Most of the article is devoted to a discussion of some of her more “devisive” works, in particular the 2001 essay or memoir about motherhood entitled A Life’s Work. But at the beginning of that discussion this brief, throwaway paragraph appears:

Early in her career, Cusk was not especially controversial. She published three novels influenced by Evelyn Waugh. These books were deemed witty and clever. She won awards and gained notice.
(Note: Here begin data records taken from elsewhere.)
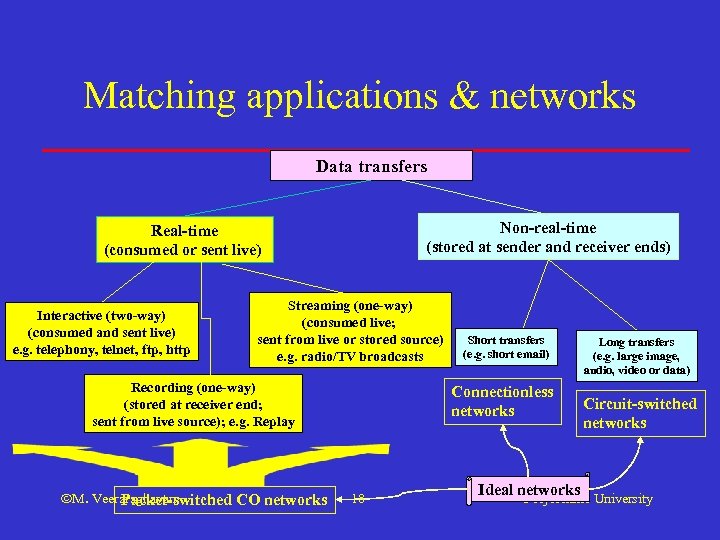 Matching applications & networks Data transfers Non-real-time (stored at sender and receiver ends) Real-time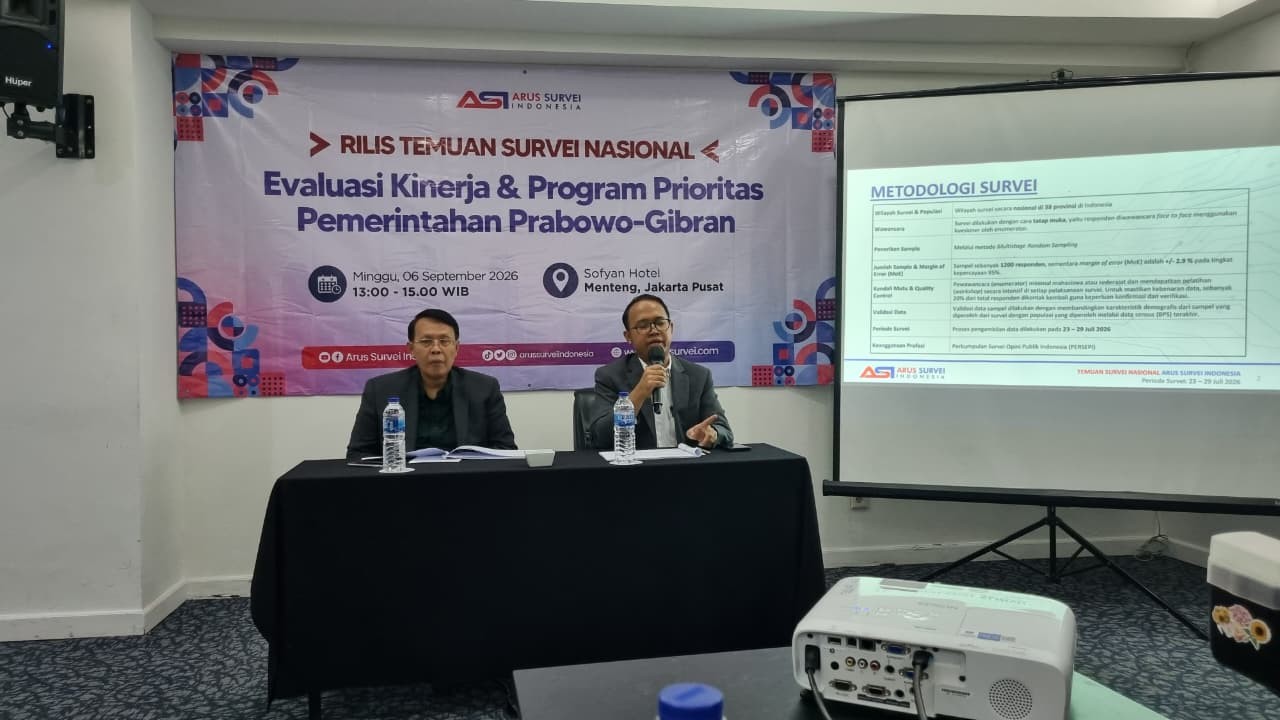 Survei ASI: 51,5 Persen Masyarakat Ingin Program MBG Dilanjutkan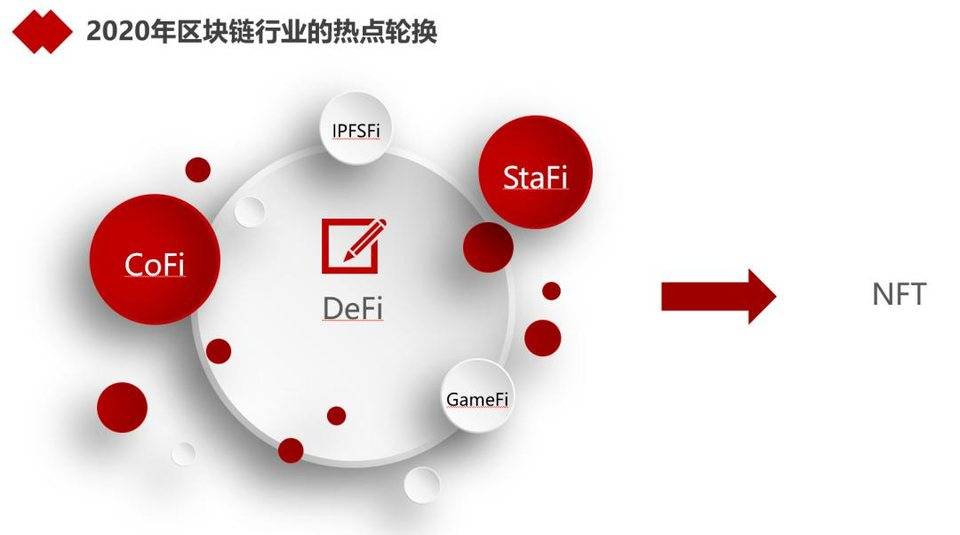 NFT的大市场和小创新：bkfund创始人阐述NFT类别和发展机遇1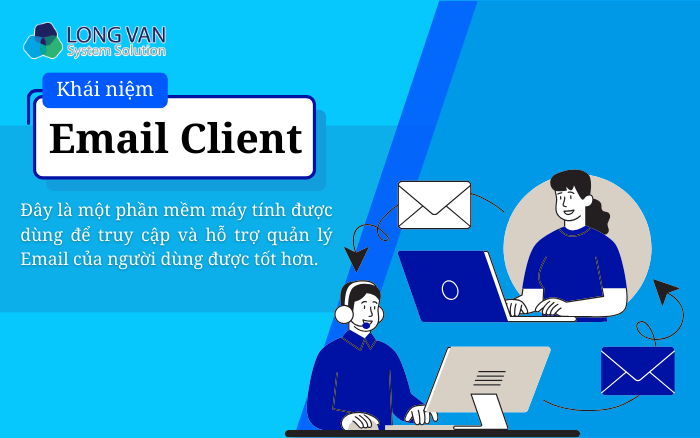 Email Client là gì? 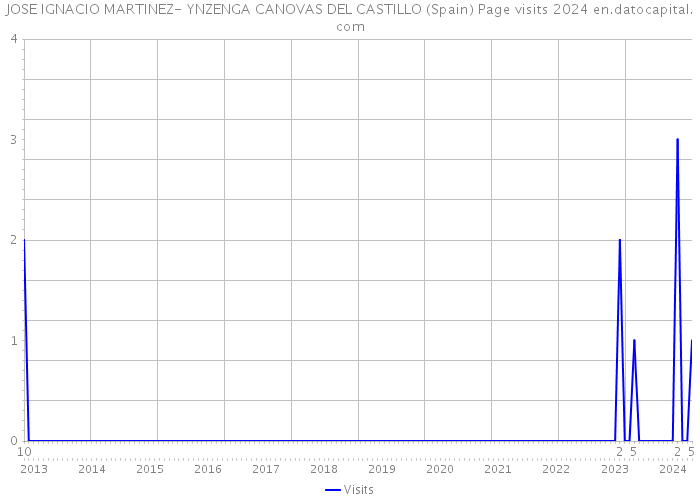 JOSE IGNACIO MARTINEZ- YNZENGA CANOVAS DEL CASTILLO (Spain) Page visits 2024 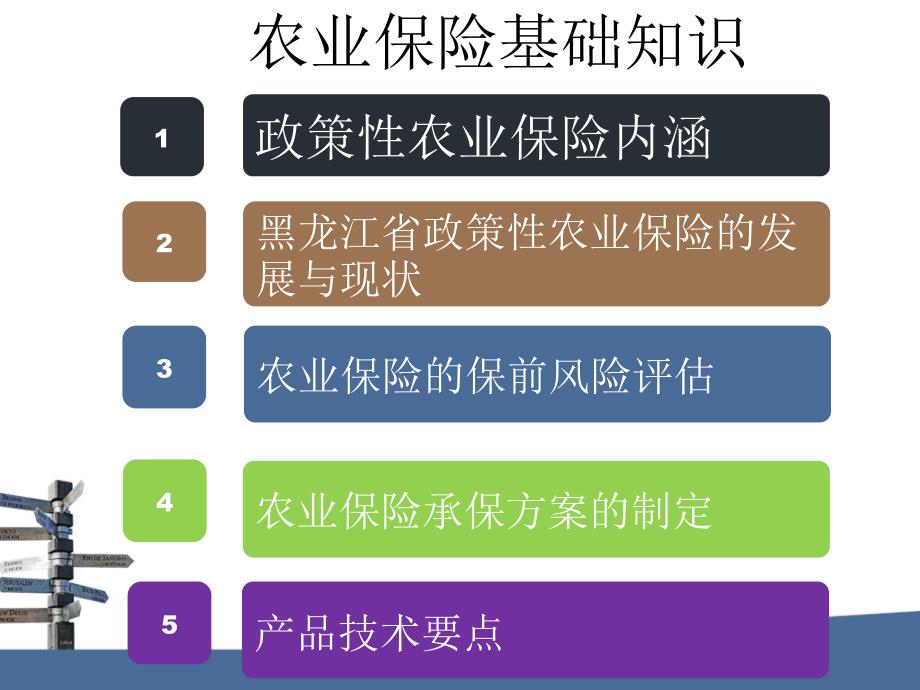农业保险基础知识.ppt_第1页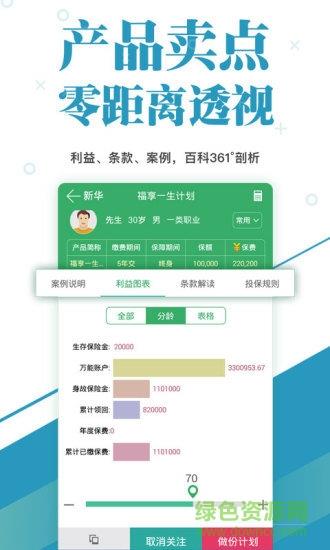 展业王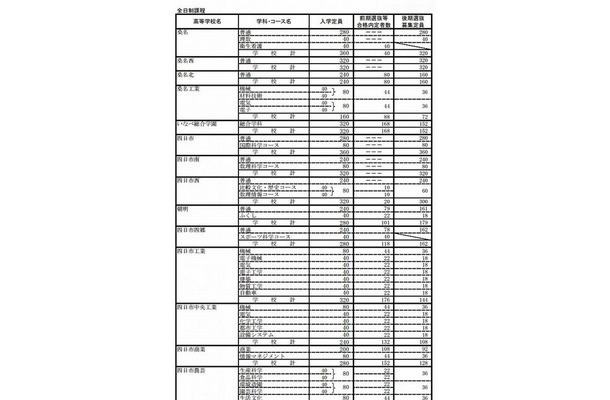 三重県立高校の前期選抜等の合格内定者と後期選抜募集定員（一部）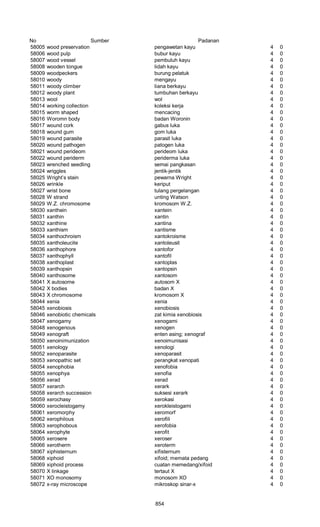 Glosarium istilah asing   indonesia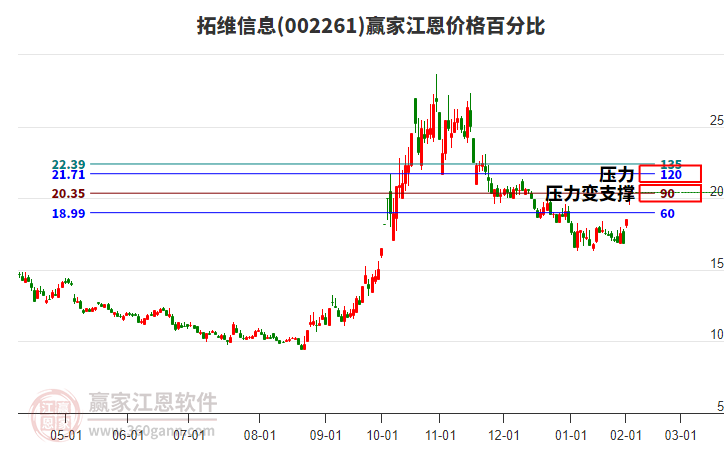 002261拓維信息江恩價格百分比工具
These novels are indeed both “witty and clever”. They actually made one laugh, something that is much less likely to happen when reading the later, more controversial works. One would like to hear more about why Cusk’s work, especially her fiction, changed direction after the last of these early novels was published in 1997. This subject was hinted at in an earlier interview, but that line of questioning is not taken up in this one. See previous post. How much these early novels were inspired by any specific works of Evelyn Waugh is hard to say, but they were certainly written in the same satiric tradition and could equally well be said to have been “influenced” by  Anthony Powell, Kingsley Amis, Barbara Pym or Jane Austen. These novels remain in print (two in the US and all three in the UK) and are worth pursuing if one hasn’t already done so: Saving Agnes (1993), The Temporary (1995) and The Country Life (1997).